We Expect to Lose Certain Preferential Tax Concessions, Which May Cause Our Tax Liabilities To Increase And Our Profitability To Decline.

We enjoy preferential tax concessions in the PRC as a high-tech enterprise. Pursuant to the State Council’s Regulations on Encouraging Investment in and Development, we were granted a reduction in our income tax rate and have had an income tax rate of 15% since 2003. In addition, there is no assurance that the preferential tax treatment in the PRC will remain unchanged and effective. Our tax liabilities will increase and our profits may accordingly decline if our reduced income tax rate is no longer applicable and/or the tax relief on investment in PRC is no longer available.
 
Additionally, the PRC Enterprise Income Tax Law (the “EIT Law”) was enacted on March 16, 2007. Under the EIT Law, effective January 1, 2008, China will adopt a uniform tax rate of 25.0% for all enterprises (including foreign-invested enterprises) and cancel several tax incentives enjoyed by foreign-invested enterprises. On March 16, 2007, the National People’s Congress of China passed the new Enterprise Income Tax Law, (“EIT Law”), and on December 6, 2007, the State Council of China issued the Implementation Regulations for the EIT Law which took effect on January 1, 2008. The EIT Law and Implementation Regulations Rules impose a unified EIT of 25% on all domestic-invested enterprises and Foreign Invested Entities unless they qualify under certain limited exceptions. We believe that we will continue to have a 15% rate with a tax preferences for 2008 and will have a favorable rate of 50% of the tax rates in effect during fiscal 2009 through 2011 as determined by the PRC government and the regional tax authorities, but it is unclear how any increases in the transition period will specifically occur. We believe that our profitability may be negatively affected in the near future as a result of the new EIT Law. Any future increase in the enterprise income tax rate applicable to us or other adverse tax treatments could increase our tax liabilities and reduce our net income. Further, any future increase in the enterprise income tax rate applicable to us or other adverse tax treatments, such as the discontinuation of preferential tax treatments for high and new technology enterprises altogether, would have a material adverse effect on our results of operations and financial condition.
 
We Do Not Carry Insurance To Cover Any Losses Due To Fire, Casualty Or Theft At Our Production Facility Located In Kunming, China.

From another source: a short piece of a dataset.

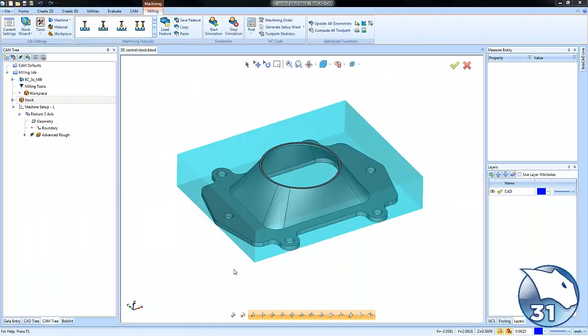Hey everybody, in today's quick tip we're going to talk about how to control your 3D toolpaths. There are a number of different ways to do it. Today's quick tip is about how to use your stock.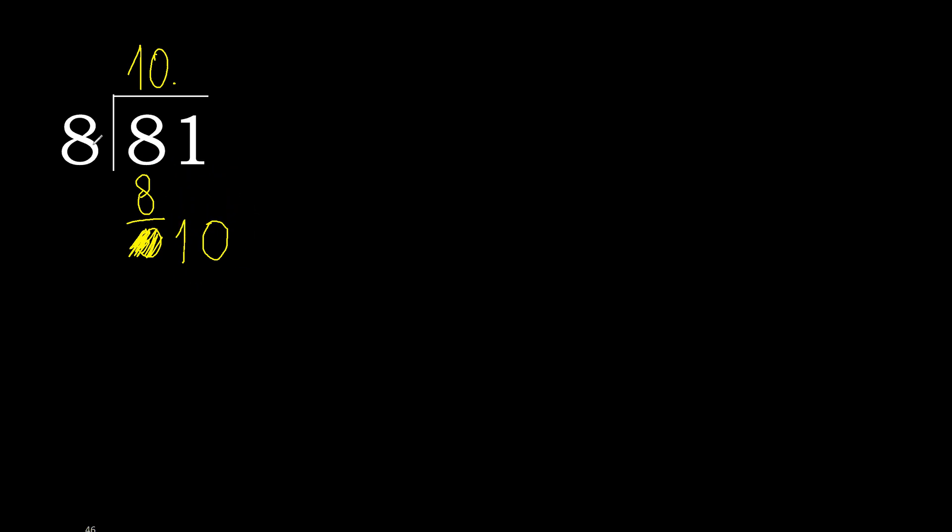10. 8 multiplied by 2, 16 is greater. Multiplied by 1 is 8. 10 minus 8 is 2. Always complete with 0. Point is here.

We have not obtained fire, casualty and theft insurance, and there is no insurance coverage for our raw materials, goods and merchandise, furniture and equipment and production facility in China. Any losses incurred by us will have to be borne by us without any assistance, and we may not have sufficient capital to cover material damage to, or the loss of, our production facility due to fire, severe weather, flood or other cause, and such damage or loss would have a material adverse effect on our financial condition, business and prospects.

We May Suffer As A Result Of Product Liability Or Defective Products.

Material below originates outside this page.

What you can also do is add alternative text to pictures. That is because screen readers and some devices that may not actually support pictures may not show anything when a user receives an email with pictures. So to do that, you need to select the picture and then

We may produce products which inadvertently have an adverse pharmaceutical effect on the health of individuals despite proper testing. Existing PRC laws and regulations do not require us to maintain third party liability insurance to cover product liability claims. However, if a product liability claim is brought against us, it may, regardless of merit or eventual outcome, result in damage to our reputation, breach of contract with our customers, decreased demand for our products, costly litigation, product recalls, loss of revenue, and the inability to commercialize some products.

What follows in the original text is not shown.